Problem statement — Could the data below please be reproduced word for word, without the pictures?

Exercise data —
• • • • • • •

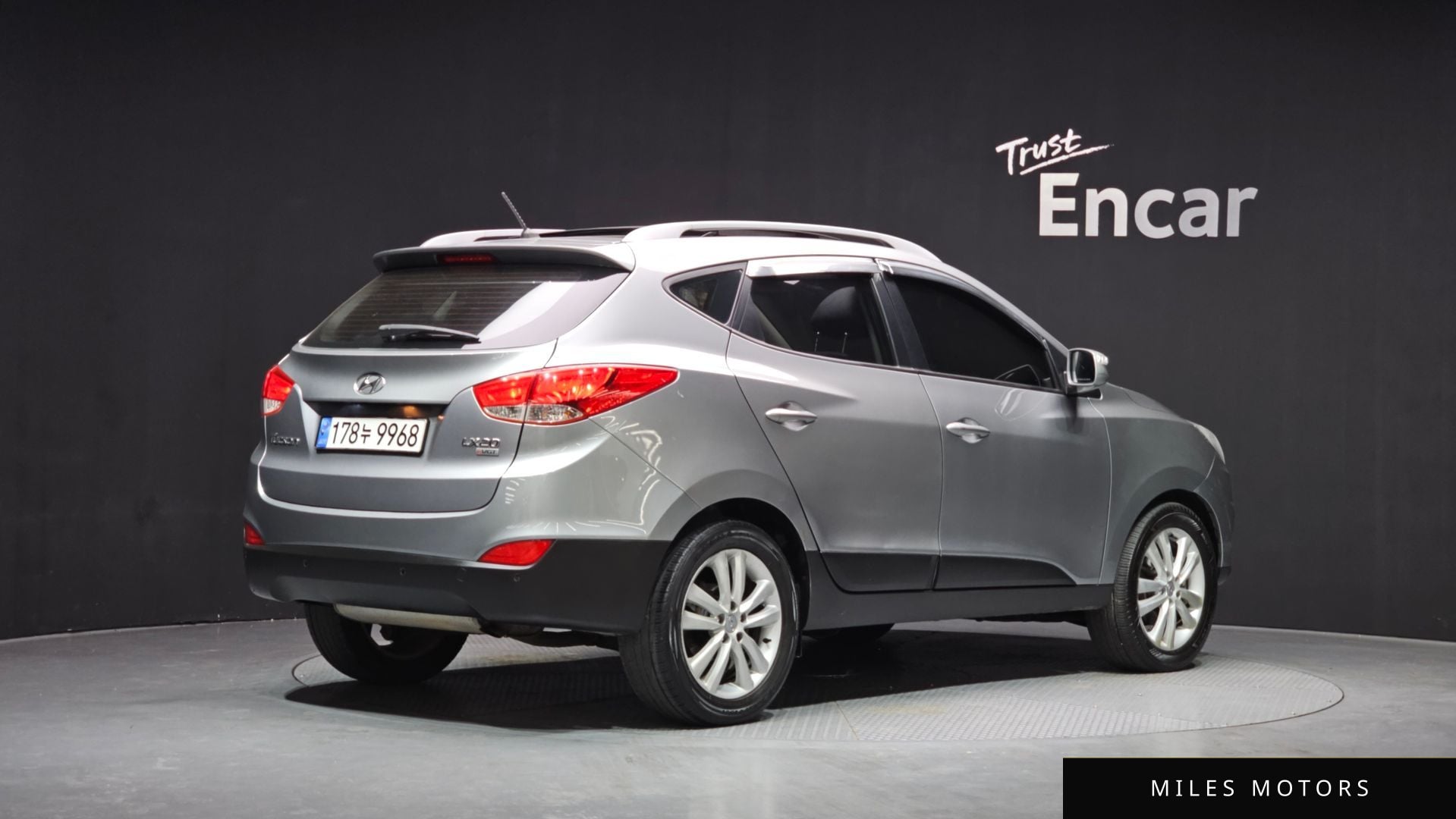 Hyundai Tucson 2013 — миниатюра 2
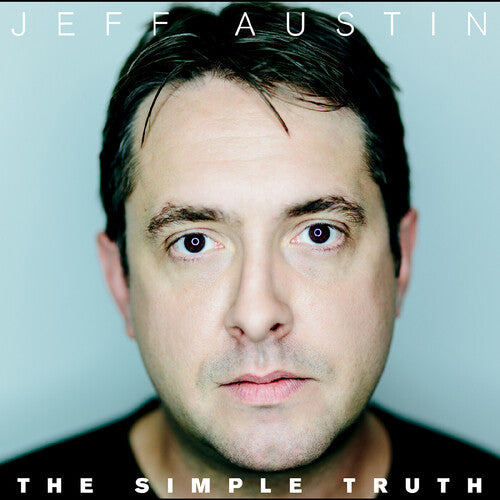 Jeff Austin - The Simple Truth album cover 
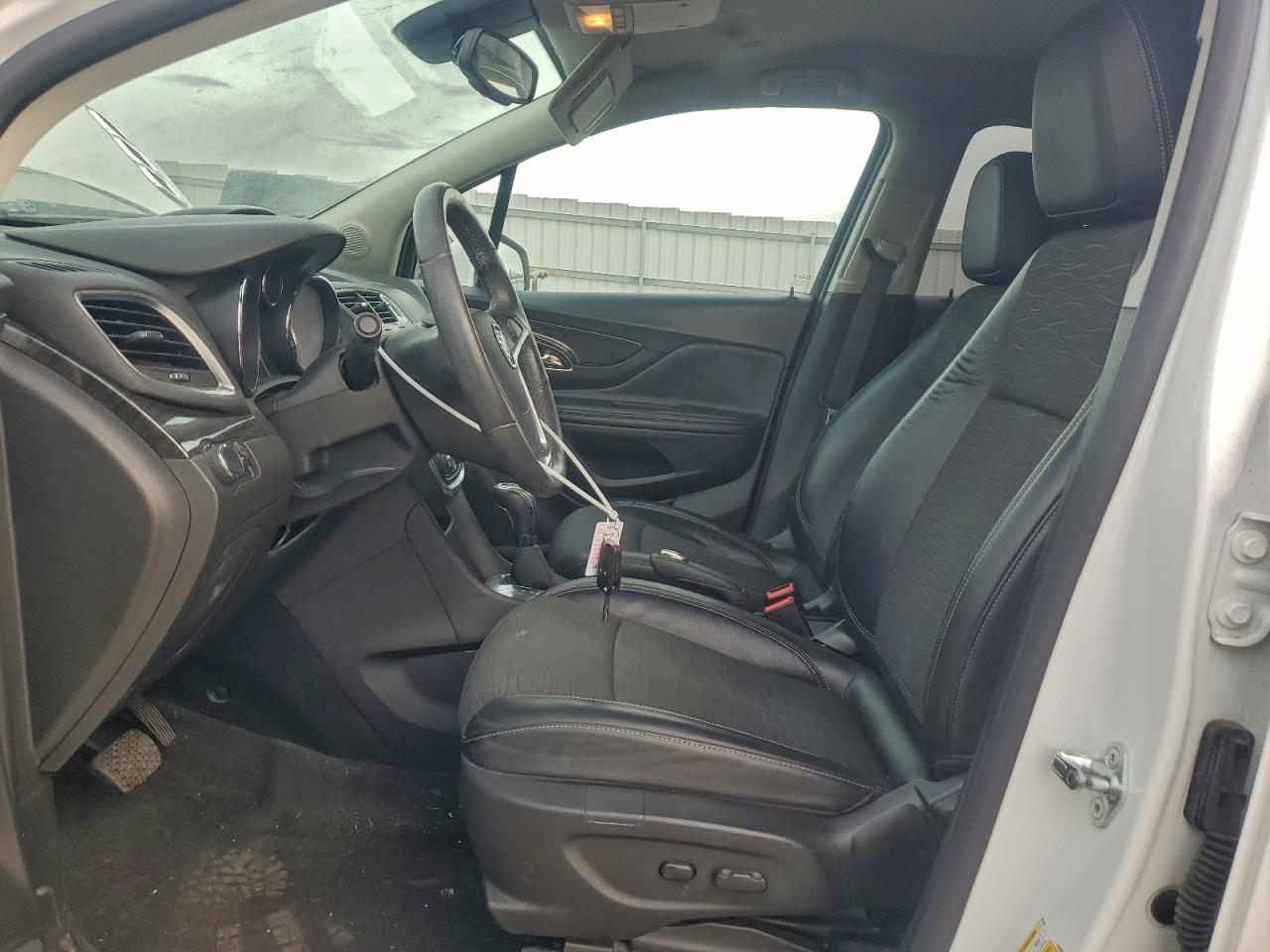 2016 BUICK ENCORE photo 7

• • • • • • •

Written response —
 Hyundai Tucson 2013 — миниатюра 2
 Jeff Austin - The Simple Truth album cover 
 2016 BUICK ENCORE photo 7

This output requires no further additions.